TRY IT: The answer is a stretch of the material below, returned exactly: the line containing "noah ricci online show from 18, 10, 2025", the line containing "House Blackfyre Wallpaper", and all lines between.

━━ DATA SUPPLIED ━━

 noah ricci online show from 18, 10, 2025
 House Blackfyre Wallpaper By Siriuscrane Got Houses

━━━
━━ DATA SUPPLIED ━━

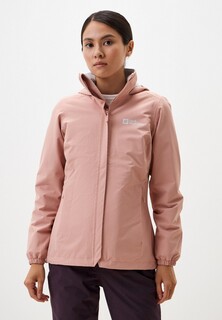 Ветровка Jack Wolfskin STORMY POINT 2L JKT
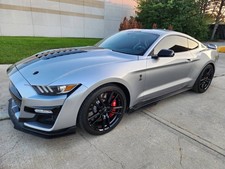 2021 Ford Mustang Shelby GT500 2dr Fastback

━━━
━━ DATA SUPPLIED ━━

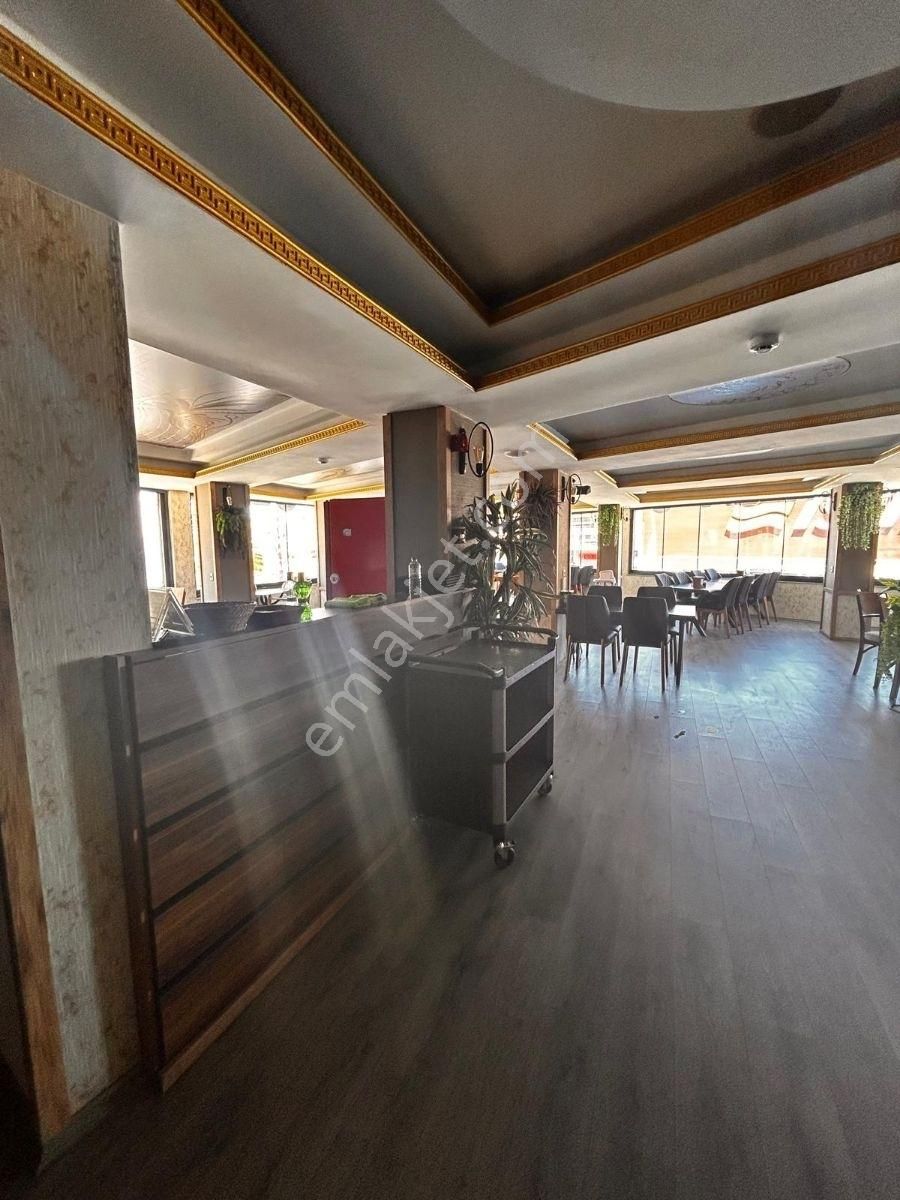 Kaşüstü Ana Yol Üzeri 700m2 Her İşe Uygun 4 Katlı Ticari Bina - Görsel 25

━━━

ANSWER AREA:
 noah ricci online show from 18, 10, 2025
 House Blackfyre Wallpaper By Siriuscrane Got Houses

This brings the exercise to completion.